Please see the poster for this case study. Ayla Göl, lecturer in International Politics

The innovative use of ET was applied to ‘assessment tools’. An additional assessment method was introduced for the undergraduate module ‘Islam, Foreign Policy and the Developing World’. The Electronic Learning Portfolio (e-Portfolio) was allocated to each student on Blackboard, as demonstrated in the third teaching cycle (see Poster).  How to manage the e-Portfolio was explained in the first seminar and students were given clear instructions in the module handbook. The e-Portfolio was graded as part of seminar participation, and it was worth 10% of the final overall mark. In order to enhance student learning, all students were expected to participate in seminar discussions actively. As a part of the ‘interactive use of ET’, at least two or three of the assigned readings for each week must be read before the seminar, and two of seminar discussion questions have to be answered by the previous night via email. In each seminar, a number of students will be asked to present a summary and a critique of readings that will contribute to the outcomes of their Learning Portfolio for the module.
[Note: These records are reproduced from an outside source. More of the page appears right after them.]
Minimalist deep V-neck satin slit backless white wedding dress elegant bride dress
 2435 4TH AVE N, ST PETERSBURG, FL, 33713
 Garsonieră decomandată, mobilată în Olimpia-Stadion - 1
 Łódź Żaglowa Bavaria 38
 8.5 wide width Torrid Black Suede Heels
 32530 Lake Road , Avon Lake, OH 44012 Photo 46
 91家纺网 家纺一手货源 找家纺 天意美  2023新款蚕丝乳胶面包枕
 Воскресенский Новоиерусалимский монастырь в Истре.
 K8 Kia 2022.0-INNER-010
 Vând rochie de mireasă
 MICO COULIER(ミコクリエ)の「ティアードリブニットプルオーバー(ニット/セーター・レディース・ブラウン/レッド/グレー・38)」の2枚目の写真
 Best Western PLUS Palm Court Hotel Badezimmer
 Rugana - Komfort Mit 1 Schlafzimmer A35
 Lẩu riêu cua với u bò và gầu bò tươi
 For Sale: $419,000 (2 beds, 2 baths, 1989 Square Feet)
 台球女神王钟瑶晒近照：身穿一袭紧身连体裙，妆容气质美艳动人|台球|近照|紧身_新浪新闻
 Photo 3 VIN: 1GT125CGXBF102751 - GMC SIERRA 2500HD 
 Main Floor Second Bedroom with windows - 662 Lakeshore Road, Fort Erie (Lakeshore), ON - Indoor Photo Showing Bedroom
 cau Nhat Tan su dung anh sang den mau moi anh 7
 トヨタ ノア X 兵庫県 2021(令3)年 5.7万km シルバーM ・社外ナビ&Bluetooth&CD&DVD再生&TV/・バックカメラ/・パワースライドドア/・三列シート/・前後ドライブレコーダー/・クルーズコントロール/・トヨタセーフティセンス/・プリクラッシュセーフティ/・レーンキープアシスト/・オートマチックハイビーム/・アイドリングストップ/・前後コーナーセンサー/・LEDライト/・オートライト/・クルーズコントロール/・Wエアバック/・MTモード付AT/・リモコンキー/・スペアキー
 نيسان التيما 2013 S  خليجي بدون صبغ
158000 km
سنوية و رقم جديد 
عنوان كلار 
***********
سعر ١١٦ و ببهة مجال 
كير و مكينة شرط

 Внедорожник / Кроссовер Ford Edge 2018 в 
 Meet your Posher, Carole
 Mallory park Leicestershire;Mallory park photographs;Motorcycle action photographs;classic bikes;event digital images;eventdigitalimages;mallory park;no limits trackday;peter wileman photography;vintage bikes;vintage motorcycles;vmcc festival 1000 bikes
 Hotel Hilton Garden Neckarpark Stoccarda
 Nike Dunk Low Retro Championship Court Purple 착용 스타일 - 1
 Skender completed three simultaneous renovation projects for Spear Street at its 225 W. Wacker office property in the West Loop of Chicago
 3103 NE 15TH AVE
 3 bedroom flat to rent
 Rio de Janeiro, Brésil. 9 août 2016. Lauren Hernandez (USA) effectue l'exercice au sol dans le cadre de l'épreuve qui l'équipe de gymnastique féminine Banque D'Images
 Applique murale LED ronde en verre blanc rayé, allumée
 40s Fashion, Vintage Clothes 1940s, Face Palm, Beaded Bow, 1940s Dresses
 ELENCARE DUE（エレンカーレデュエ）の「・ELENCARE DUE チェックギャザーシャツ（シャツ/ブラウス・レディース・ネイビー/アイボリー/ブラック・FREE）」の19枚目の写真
Students were instructed clearly how to complete this process that each entry in learning portfolio should contain the following:

  1. The seminar date, topic and student’s seminar group;
  2. The author and title of the books, chapters or articles student read as preparation;
  3. Student was advised to use succinct and coherent sentences to answer at least two or three of the seminar discussion questions. Student could choose which questions to answer depending on his/her readings.
  4. Student had to write what s/he found difficult or confusing and/or what s/he found most interesting or particularly informative in his/her readings.

A 500-word short essay was sufficient for each entry. The final portfolio entry should reflect on the module as a whole, as well as the final session.

After their submissions, students then were able to get feedback from their teachers the latest by the end of week. Interested and more seriously engaged students had the opportunity to contact the teacher if they still had question or they did not understand the feedback. Meanwhile, I constantly gathered feedback from students and peers through teaching observations to assess the impacts of the use of ET on student learning. I was delighted to have the following feedback from students: The main advantages of this method were the effective and fast feedback to students; immediate electronic communication between teacher and student; the evidence of progress for each student individually; and to have a summary of each week’s discussion questions ready for exam revision purposes.